The name of this recipe suggests that it should be eaten as a weekend breakfast, but it is equally suitable for a quick, easy, tasty and healthy (2 of your 5 a day!) weekday dinner.
I came up with this recipe when staying with my mum and dad who keep laying chickens in the back garden.
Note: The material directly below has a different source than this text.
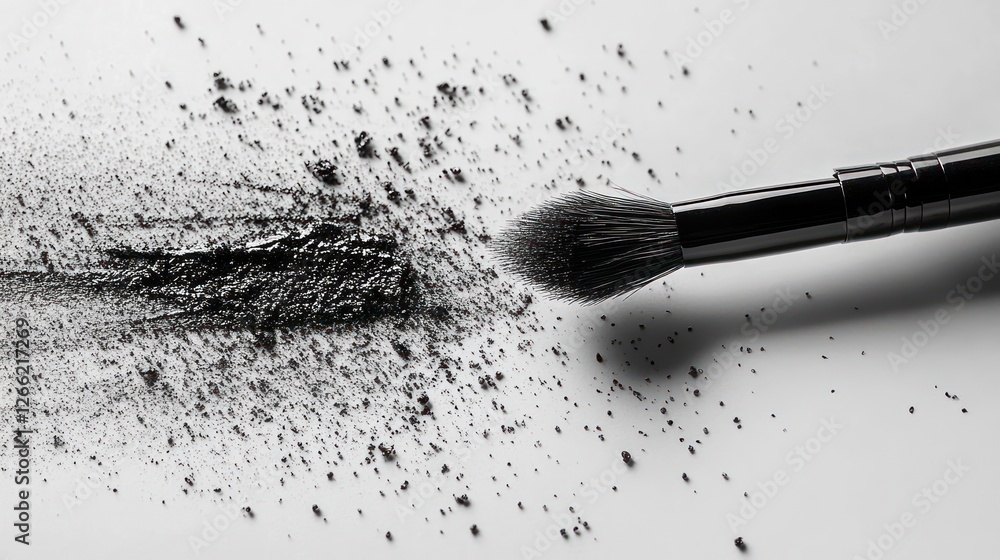 Black powder cosmetic brush explosion on white surface Black powder cosmetic brush explosion on white surface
We had a huge surplus of eggs one summer so I came up with this recipe as a way of using the eggs as the centre of a meal.
Variations: Omit the chorizo for a vegetarian version or serve on a bed of wilted spinach for a healthier option!
Ingredients: Serves 2
- ½ an Onion
- 1 Clove of Garlic
- 1 Chilli
- 150g Chorizo Sausage (Optional)
- 1 Red or Yellow Pepper
- 1 Tbsp Smoked Paprika
- 1 Tsp Ground Cumin
- 1 Tsp Ground Coriander
- 1 Tbsp All Purpose Seasoning
- 1 Can of Chopped Tomatoes
- 4 Free Range Eggs
- Grated Cheddar Cheese
- Sour Cream
- Fresh Coriander
- Lime Wedges
- Tortilla Wraps
Fry the onions and Chorizo in a pan until cooked through, then add the finely sliced garlic and chilli.
Finely Slice the pepper and add to the onions, fry for a few more minutes.
Stir in the spices, then add the chopped tomatoes, along with a splash of water and cook for a further 5 minutes until the sauce has thickened and come together, season to taste.
Make a small well in the sauce and crack in an egg, repeat for the other three eggs in quick succession, so that they will all be cooked perfectly at the same time! Simmer for a further 5 minutes until the egg whites are completely cooked but the yolks are still runny. (If you prefer your eggs more cooked, you could put the pan under the grill for a few minutes at this point)
Grate over the cheddar cheese, spoon some soured cream into the pan, and sprinkle over the chopped coriander.
Remove from the heat and serve with warmed tortilla wraps, guacamole and lime wedges.